I was given a Toshiba Satellite C855D-S5106 laptop by my sister some time ago. Either I entered a BIOS Supervisor Password in my BIOS (INSYDEH2O REV3.7) or she did some time ago. Either way, I can't figure it out. I have seen videos for clearing this (most notably How to Reset BIOS Password on a Toshiba Satellite Laptop, by DIY Tech).

I see there are many variations between the different series of the C855D models. Some require the solder points by the CMOS battery be shorted, while others require the B500 solder points to be shorted. I have two CMOS battery places in my laptop, as they must have moved it between models and didn't remove the option from the case. The place where they show shorting, it doesn't have a battery and is instead in another place. The motherboard is a Toshiba V000275270.
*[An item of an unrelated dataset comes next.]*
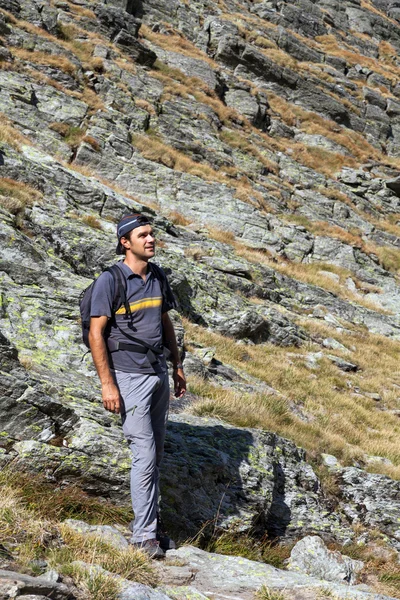 Jonge man die op bergen genieten van het uitzicht — Stockfoto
Will shorting any of these work (allow me to reset the BIOS password)?
Will it cause issues? (Is there other verbiage on the motherboard I should be looking for?)
Does this work if I have an EEPROM? (How do I know if I have an EEPROM?)


----------



## valis (Sep 24, 2004)

Howdy and welcome. You may want to re-read the rules page, as we do not assist with bypassing passwords. As a result, I'm going to close this out.

thanks, 

v


----------